Comment 1 Jason Booth 2022-03-21 13:30:00 MDT
Just to make sure, we understand your concern here. You have something like the following configured:

> NodeName=node1 TmpDisk=82345

https://slurm.schedmd.com/slurm.conf.html#OPT_TmpDisk

When you tried to bring back up a node with a new image (smaller tmp), it drained with "INVALID_REG" due to the lower TmpDisk value?

I will have one of our support staff look into this and see what would be involved in making this situation more clear.
Comment 2 Gordon Dexter 2022-03-22 08:01:22 MDT
Yes, that's correct.  The node was drained (and couldn't be resumed), but gave no indication as to why.  A log message in slurmd.log would have been enough to figure it out quickly, rather than bang my head against it for hours.
Comment 3 Jason Booth 2022-03-22 12:04:34 MDT
> A log message in slurmd.log would have been enough to figure it out quickly, rather than bang my head against it for hours.
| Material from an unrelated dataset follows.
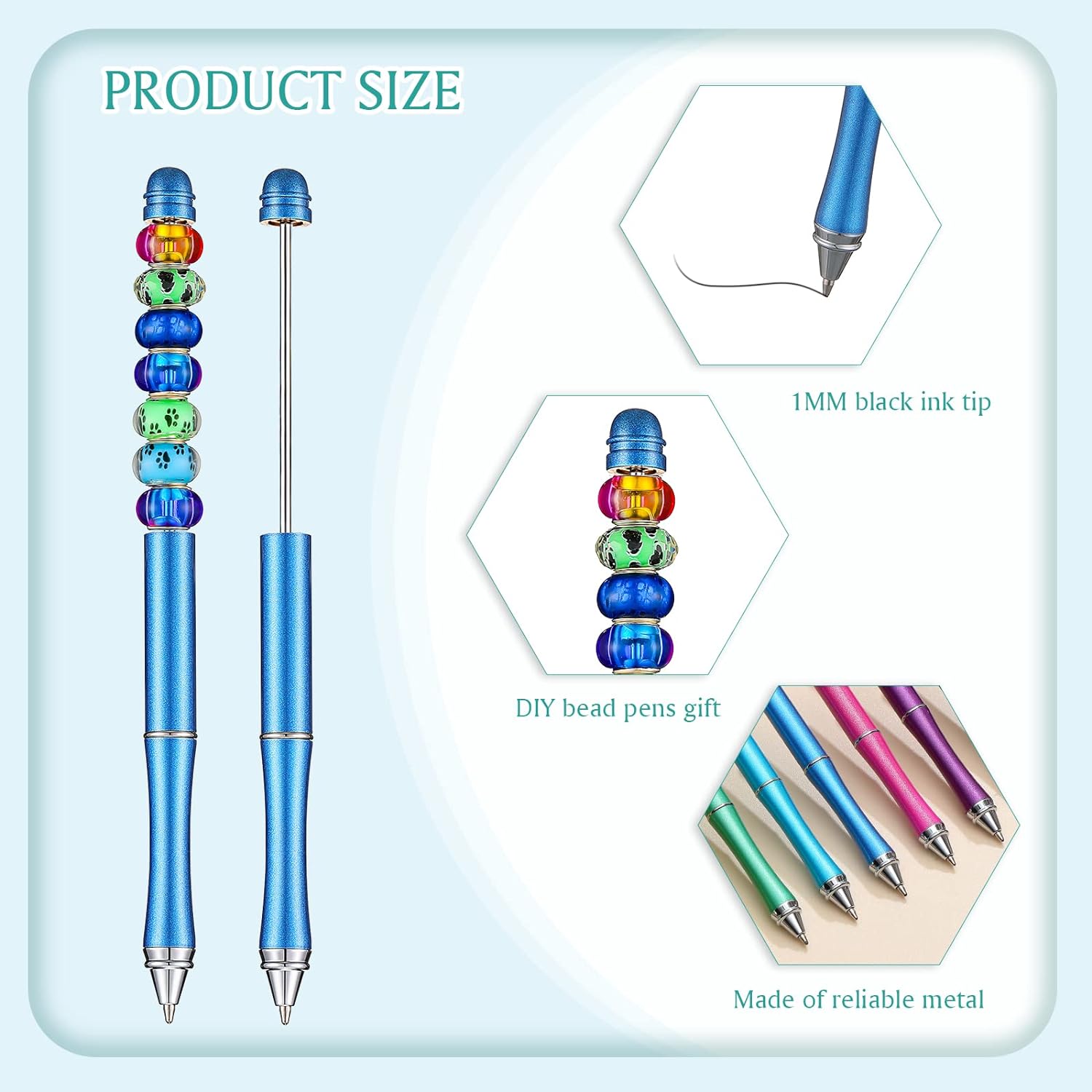 10pcs Metal Beadable Ballpoint Pens Assorted Colors with Refills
Understood. I will have Oriol see what options we may have to help with this situation.
Comment 4 Oriol Vilarrubi 2022-03-23 06:58:45 MDT
(In reply to Gordon Dexter from comment #2)
> Yes, that's correct.  The node was drained (and couldn't be resumed), but
> gave no indication as to why.  A log message in slurmd.log would have been
> enough to figure it out quickly, rather than bang my head against it for
> hours.

Hello Gordon,

The error message you are looking for is in the controller, the reason why you did not saw it is because it is in the log level debug. If you'd have had the log level in debug level you would have seen something like this:

[2022-03-23T12:18:00.472] debug:  Node node1 has low tmp_disk size (5 < 15)
[2022-03-23T12:18:00.472] Node node1 now responding
[2022-03-23T12:18:00.472] error: _slurm_rpc_node_registration node=node1: Invalid argument

Also the reason why your drain message was not reflecting the low tmp space is because whenever we get a configuration error (like not having the correct tmp size), and the node is already drained or down or in fail state(similar to drain), we do not set that to not override the original message.
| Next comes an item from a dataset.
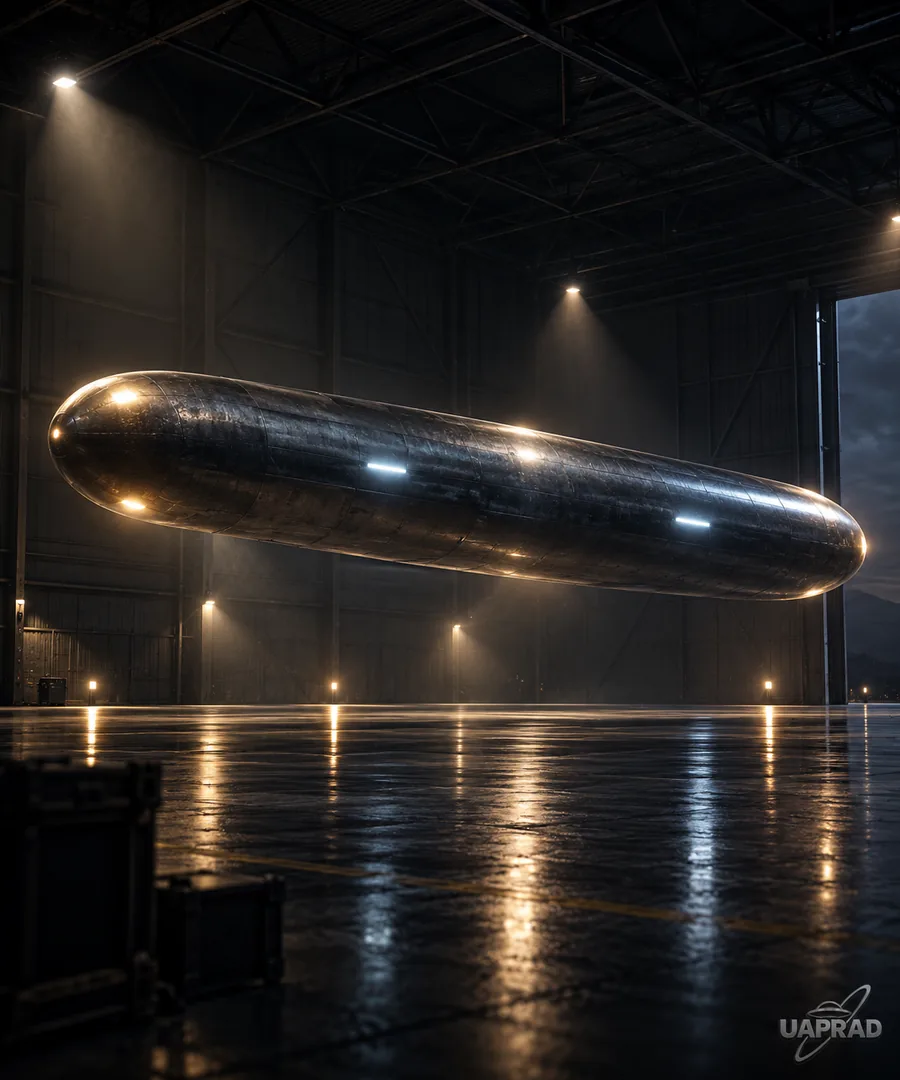 Stylised illustration of a cigar or cylinder-shaped reported object in a hangar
We'll discuss internally whether to increase the log level of those messages so that debug is not needed for them to be visible.

Either way my recommendation is to always increase SlurmctldDebug and SlurmdDebug to "debug" whenever you face any issues, those give a lot of useful details.

Greetings.
Comment 8 Caden Ellis 2022-05-20 14:22:53 MDT
Hello Gordon, thanks for logging the bug. 

We found a way to put the error level message in the logs just once when the state goes from valid to invalid, without reversing Bug 9035 (This issue is what caused those error messages to be downgraded to debug messages). We always need to preserve any "reason" a user sets, so we chose to show an error in the logs rather than mess with their reason. 

This commit (dffc3dd2ba) has this fix. Oriol had mentioned that you could see the message in the logs if you set the log level to debug, but with the previously mentioned commit you should now see a helpful error message appear in the logs for the specific circumstance you encountered dealing with manually setting a "reason" without having to change the log level.

If you have any other questions, feel free to open a new bug.